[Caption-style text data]
_____

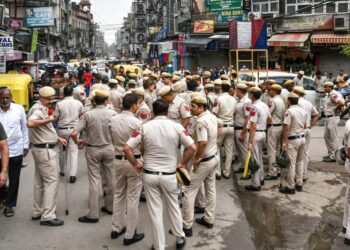 Delhi News: दिल्ली में दो पक्षों के बीच ताबड़तोड़ फायरिंग, 5 लोगों को लगी गोली, GTB अस्पताल में चल रहा इलाज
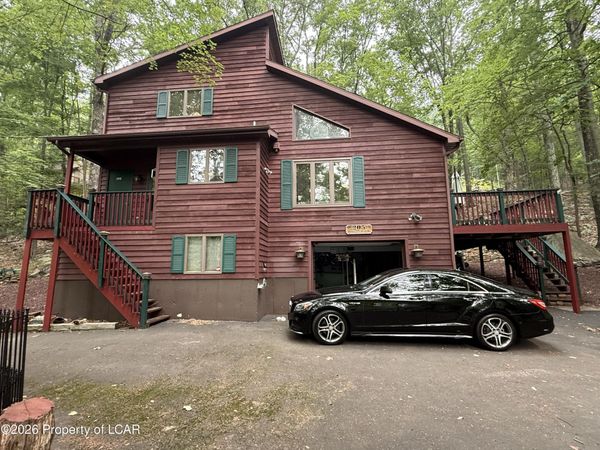 205 S Iroquois Circle, Hazleton, PA 18202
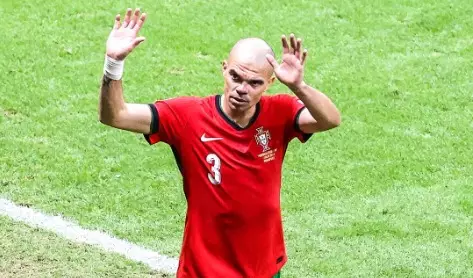 Pepe anuncia aposentadoria após carreira de quase 900 jogos. Entenda!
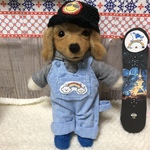 サロペットのダックスくん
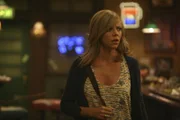 Dee Reynolds (Kaitlin Olson)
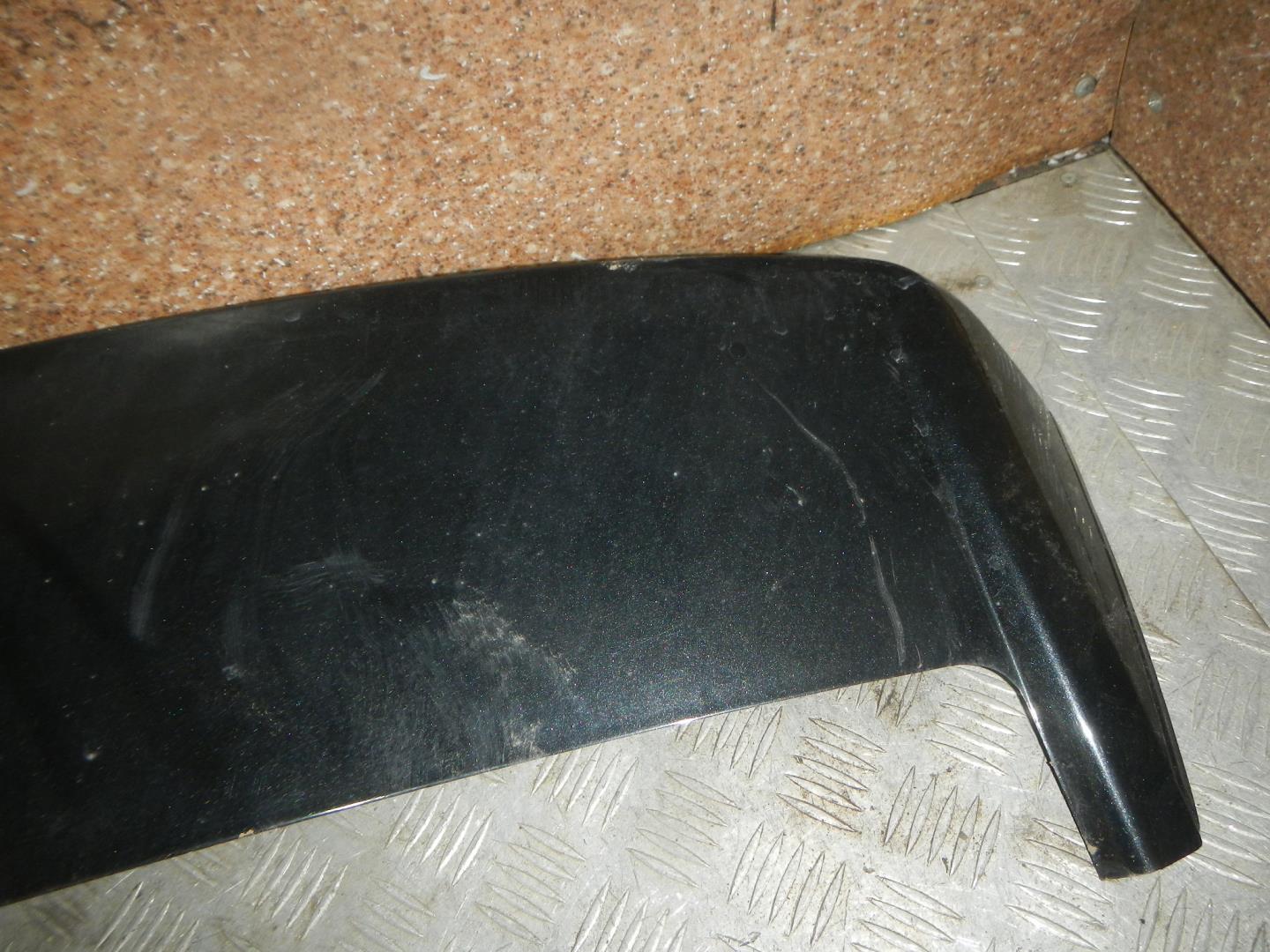 Спойлер (дефлектор) крышки багажника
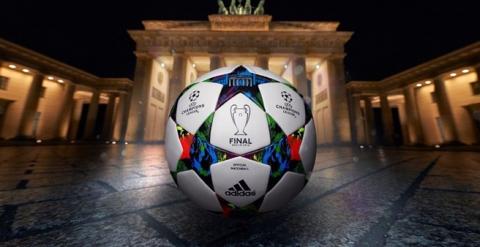 Con este balón, con la Puerta de Brandenburgo, se disputará la final. /UEFA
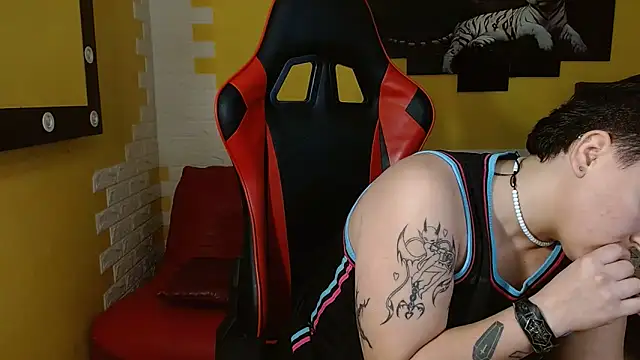 isabeautyx19's Stripchat show and profile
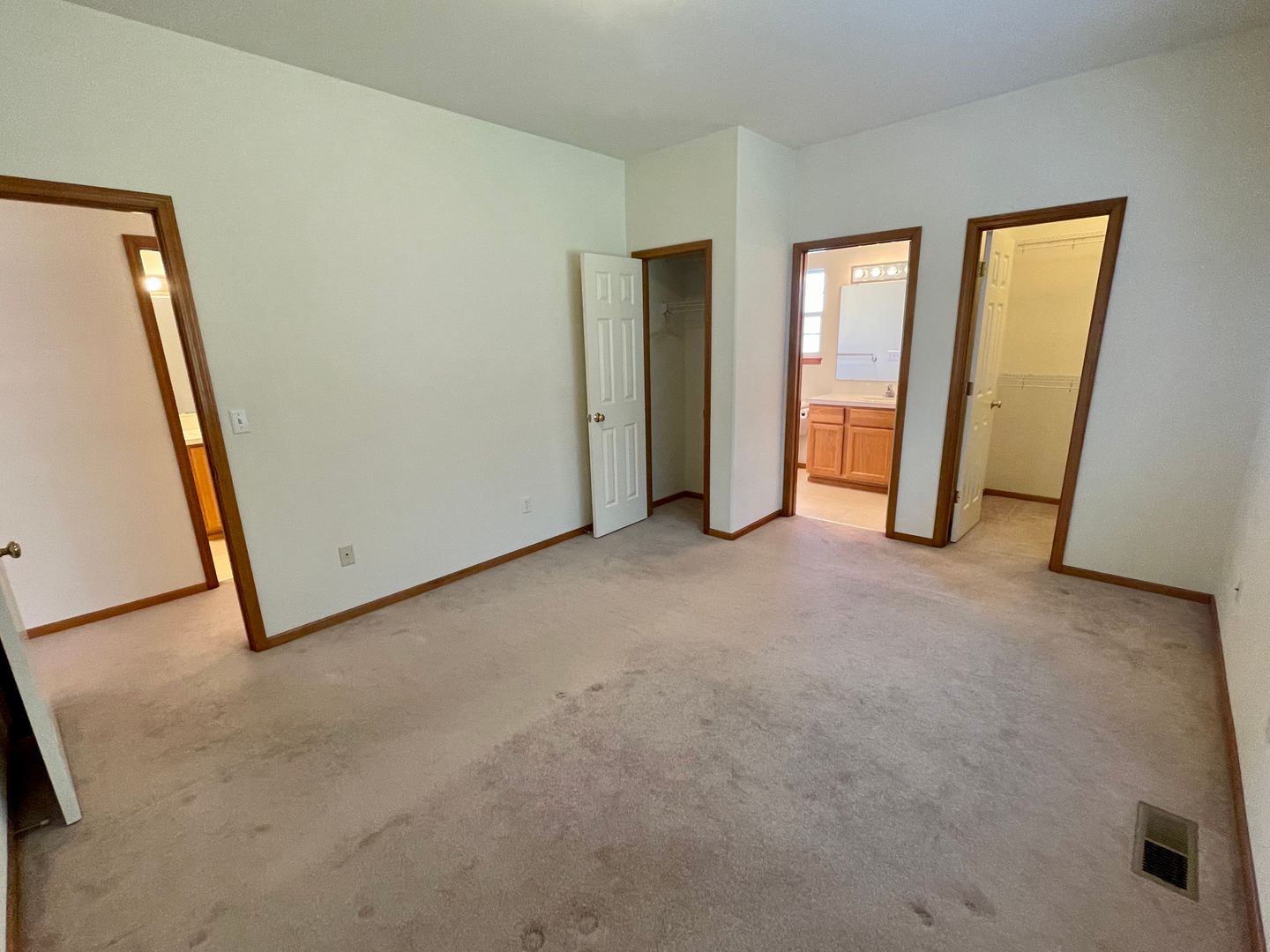 219 Milton St. - Bellingham - Washington - 3 bed, 2 bath rental property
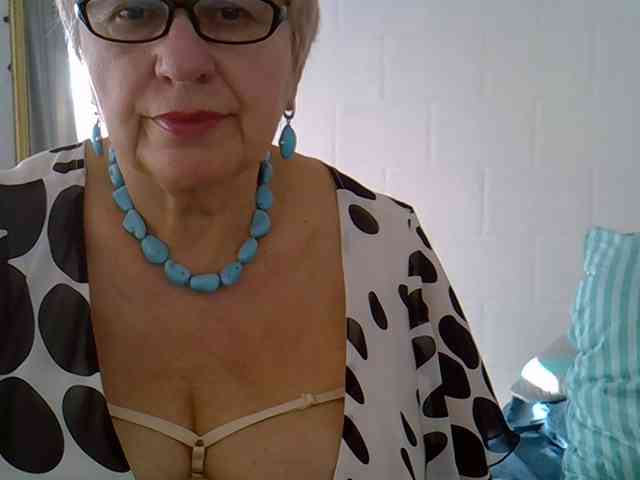 SweetCherry00 webcam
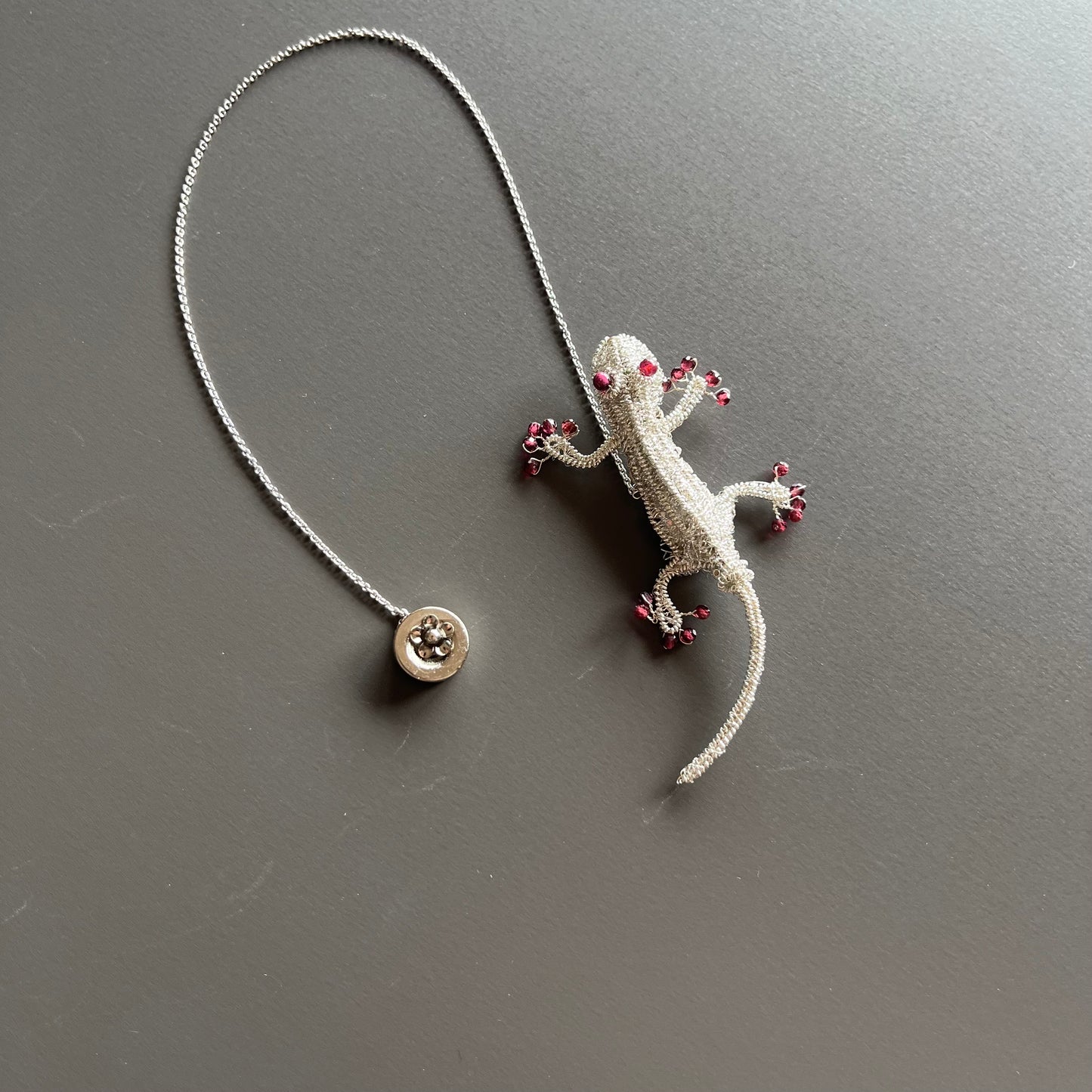 Gecko with Garnet ー Magnetic Brooch (Austrian Metal Art)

_____

■ **What the exercise asks**:
Any pictures are to be skipped, and the lines from the beginning of the entries through the line with "isabeautyx19's Stripchat show and profile" copied exactly.

■ **The answer**:
 Delhi News: दिल्ली में दो पक्षों के बीच ताबड़तोड़ फायरिंग, 5 लोगों को लगी गोली, GTB अस्पताल में चल रहा इलाज
 205 S Iroquois Circle, Hazleton, PA 18202
 Pepe anuncia aposentadoria após carreira de quase 900 jogos. Entenda!
 サロペットのダックスくん
 Dee Reynolds (Kaitlin Olson)
 Спойлер (дефлектор) крышки багажника
 Con este balón, con la Puerta de Brandenburgo, se disputará la final. /UEFA
 isabeautyx19's Stripchat show and profile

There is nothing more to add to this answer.